I have a variable which is a string that contains html code like this:

</head>
<body>
Index of /davidgoudet
<ul><li><a href="/"> Parent Directory</a></li>
<li><a href="Horario/"> Horario/</a></li>
<li><a href="Oferta/"> Oferta/</a></li>
<li><a href="Registro/"> Registro/</a></li>
</ul>
<address>Apache mod_fcgid/2.3.6 mod_auth_passthrough/2.1 mod_bwlimited/1.4                FrontPage/5.0.2.2635 Server at turpialdevelopment.com Port 80</address>
</body></html>

And i want to have the chunks in between the href tags such as Horario, Oferta, Registro inside a variable but when i tried to use strtok(string, "href") it gives me some weird result which is not the one im looking for.

Any ideas? Thanks

camelCase
  • 521
  • 2
  • 10
  • 22
  • Use a [parser](http://stackoverflow.com/questions/1732348/regex-match-open-tags-except-xhtml-self-contained-tags/1732454#1732454). He comes. – David Heffernan Oct 12 '11 at 21:30

6 Answers6

4

strtok takes a char array of all possible delimiters and it splits based on any of those characters (in your case, splitting on h, r, e, or f), which is probably why you are seeing weird behavior.

Is there a reason why you aren't using an HTML parsing library to pull the names?

the libxml html parser is pretty good: http://www.xmlsoft.org/html/libxml-HTMLparser.html

Foo Bah
  • 25,660
  • 5
  • 55
  • 79
1

This is my solution, and I hope will solve your problem.

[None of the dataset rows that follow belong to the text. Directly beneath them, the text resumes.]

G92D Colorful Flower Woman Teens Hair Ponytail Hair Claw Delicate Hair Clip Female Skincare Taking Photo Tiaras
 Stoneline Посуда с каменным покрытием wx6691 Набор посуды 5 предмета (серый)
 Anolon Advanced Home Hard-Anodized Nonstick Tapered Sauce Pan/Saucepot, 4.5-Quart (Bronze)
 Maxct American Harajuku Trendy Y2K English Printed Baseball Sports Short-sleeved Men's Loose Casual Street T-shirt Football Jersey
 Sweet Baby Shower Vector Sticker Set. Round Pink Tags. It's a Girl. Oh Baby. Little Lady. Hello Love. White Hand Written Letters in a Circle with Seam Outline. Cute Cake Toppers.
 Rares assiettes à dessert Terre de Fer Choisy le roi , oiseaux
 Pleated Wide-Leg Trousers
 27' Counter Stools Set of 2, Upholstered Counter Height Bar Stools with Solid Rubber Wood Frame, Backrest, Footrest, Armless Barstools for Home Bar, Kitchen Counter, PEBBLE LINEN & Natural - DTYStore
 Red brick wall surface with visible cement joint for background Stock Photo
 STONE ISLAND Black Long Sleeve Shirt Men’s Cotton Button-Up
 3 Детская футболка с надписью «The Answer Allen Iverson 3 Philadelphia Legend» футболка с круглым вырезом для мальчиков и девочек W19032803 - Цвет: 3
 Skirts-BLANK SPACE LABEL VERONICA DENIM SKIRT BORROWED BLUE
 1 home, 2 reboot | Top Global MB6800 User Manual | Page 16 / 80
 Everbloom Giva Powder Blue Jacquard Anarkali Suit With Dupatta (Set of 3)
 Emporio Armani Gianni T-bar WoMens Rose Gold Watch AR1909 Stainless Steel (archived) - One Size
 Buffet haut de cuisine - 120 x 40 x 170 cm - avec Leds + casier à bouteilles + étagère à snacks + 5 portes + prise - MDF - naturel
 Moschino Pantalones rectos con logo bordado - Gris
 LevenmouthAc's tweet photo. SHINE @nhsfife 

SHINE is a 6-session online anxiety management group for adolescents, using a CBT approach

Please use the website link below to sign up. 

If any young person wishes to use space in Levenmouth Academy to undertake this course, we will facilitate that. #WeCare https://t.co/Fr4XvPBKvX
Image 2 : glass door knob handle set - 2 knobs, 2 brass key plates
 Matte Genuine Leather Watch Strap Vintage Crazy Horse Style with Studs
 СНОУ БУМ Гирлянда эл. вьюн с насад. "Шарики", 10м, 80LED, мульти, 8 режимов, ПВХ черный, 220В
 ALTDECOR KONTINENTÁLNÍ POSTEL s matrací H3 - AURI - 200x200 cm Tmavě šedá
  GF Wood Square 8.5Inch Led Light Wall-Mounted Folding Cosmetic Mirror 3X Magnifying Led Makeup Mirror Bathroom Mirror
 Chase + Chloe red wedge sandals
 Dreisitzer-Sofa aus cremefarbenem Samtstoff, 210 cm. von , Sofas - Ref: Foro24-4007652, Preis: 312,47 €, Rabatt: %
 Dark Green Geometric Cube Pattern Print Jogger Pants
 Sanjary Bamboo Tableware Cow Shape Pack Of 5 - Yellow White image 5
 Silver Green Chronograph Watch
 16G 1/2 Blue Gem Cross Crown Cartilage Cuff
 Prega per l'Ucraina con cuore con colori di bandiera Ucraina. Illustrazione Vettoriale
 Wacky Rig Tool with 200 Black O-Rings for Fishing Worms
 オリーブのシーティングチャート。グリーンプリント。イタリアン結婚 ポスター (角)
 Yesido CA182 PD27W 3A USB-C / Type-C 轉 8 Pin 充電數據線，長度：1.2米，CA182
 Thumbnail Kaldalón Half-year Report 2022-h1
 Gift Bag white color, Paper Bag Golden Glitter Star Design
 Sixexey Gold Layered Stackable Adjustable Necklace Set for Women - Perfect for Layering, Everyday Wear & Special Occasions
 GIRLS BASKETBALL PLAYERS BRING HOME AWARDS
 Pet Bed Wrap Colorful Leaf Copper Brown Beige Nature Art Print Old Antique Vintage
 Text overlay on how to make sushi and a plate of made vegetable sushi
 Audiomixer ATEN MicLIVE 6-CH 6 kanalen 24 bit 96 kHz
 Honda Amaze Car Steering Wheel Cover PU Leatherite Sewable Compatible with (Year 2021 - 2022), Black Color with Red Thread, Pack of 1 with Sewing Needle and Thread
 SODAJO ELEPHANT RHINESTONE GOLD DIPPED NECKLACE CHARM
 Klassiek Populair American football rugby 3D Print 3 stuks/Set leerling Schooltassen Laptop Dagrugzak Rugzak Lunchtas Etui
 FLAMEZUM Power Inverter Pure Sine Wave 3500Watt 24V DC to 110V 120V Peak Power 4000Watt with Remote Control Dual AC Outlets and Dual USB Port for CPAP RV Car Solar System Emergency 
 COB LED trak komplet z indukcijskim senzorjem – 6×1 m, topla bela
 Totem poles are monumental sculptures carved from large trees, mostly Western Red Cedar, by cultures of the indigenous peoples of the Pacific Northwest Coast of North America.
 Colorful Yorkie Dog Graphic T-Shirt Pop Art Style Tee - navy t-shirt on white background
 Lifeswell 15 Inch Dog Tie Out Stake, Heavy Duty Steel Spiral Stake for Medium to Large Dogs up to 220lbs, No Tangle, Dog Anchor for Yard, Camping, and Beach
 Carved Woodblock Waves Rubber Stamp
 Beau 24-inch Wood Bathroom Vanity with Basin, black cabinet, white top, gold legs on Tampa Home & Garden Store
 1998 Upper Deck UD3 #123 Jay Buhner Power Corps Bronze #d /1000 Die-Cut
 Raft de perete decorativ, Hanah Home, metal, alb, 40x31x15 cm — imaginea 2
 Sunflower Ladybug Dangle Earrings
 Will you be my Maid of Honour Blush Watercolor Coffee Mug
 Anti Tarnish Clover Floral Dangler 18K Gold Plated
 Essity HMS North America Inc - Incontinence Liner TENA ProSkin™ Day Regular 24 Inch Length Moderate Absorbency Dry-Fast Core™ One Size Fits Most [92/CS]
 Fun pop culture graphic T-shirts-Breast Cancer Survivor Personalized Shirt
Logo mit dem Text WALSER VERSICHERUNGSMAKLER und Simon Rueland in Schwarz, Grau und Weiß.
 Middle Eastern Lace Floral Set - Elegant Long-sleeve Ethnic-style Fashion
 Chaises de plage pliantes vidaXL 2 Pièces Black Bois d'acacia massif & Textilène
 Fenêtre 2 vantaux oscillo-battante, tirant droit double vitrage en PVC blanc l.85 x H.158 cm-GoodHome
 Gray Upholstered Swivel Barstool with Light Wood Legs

int split(char ***dst, char *str, char spliter)
{
    int str_num = 0;    
    int each_size;   
    int index = 0;     
    int str_index = 0;  
    int start_index = 0;

    while (str[index] != '\0')
    {
        if (str[index] == spliter)
        {
            str_num++;
            index++;
            while(str[index] == spliter)
            {
                index++;
            }
        }
        else
       {
            index++;
       }
    }
    str_num++;

    *dst = (char **) malloc((str_num + 1)*sizeof(char*));
    index = 0;

    while (str[index] != '\0')
    {
        if (str[index] != spliter)
        {
            start_index = index;
            each_size = 0;

            while (str[index] != spliter && str[index] != '\0')
            {
                index++;
                each_size++;
            }

            (*dst)[str_index] = (char*) malloc((each_size + 1)*sizeof(char));
            int cur_i = 0;

            while (start_index != index)
            {
                (*dst)[str_index][cur_i] = str[start_index];
                start_index++;
                cur_i++;
            }

            (*dst)[str_index][cur_i] = '\0';
            str_index++;
        }
        else
        {
            index++;
        } 
    }

    (*dst)[str_num] = NULL;
    return str_num;
}
孙维松
  • 47
  • 4
1

Why don't you just use a proper HTML parser? lib2xml has a nice HTML parser in C.

Ed S.
  • 122,712
  • 22
  • 185
  • 265
0
char* split(char *string, char chr, char *output){
    int seek=0;
    for(seek; seek<strlen(string); seek++){
        if( *(string + seek) == chr ){
            break;
        }
    }
    memcpy(output, string  , seek);
    *(output + seek ) = '\0';
    if( (seek + 1) >= strlen(string)){
        return NULL;
    }
    return (string + seek + 1);
}

for use:

char *string = "hello world";

while(1){
    string = split(string, ' ', out);
    if(string == NULL) break;
}

set the cut value in (out) and returns the pointer to continue the string

ali naderi
  • 19
  • 2
0

Try using strstr() and then offsetting the pointer it returns to you.

strstr(big_string_of_tags,"href")+6; //Leaves pointer at the word you're seeking, read up until you see a double quote char.

Its not a very elegant solution but if you're constrained to C alone it might be a good start.

Grambot
  • 4,370
  • 5
  • 28
  • 43
0

You can use a string comparison function like strnstr() to locate substrings, such as begin and end tags. Then you can easily calculate the position and length of the substring you want and use strncpy() to copy that data.

Caleb
  • 124,013
  • 19
  • 183
  • 272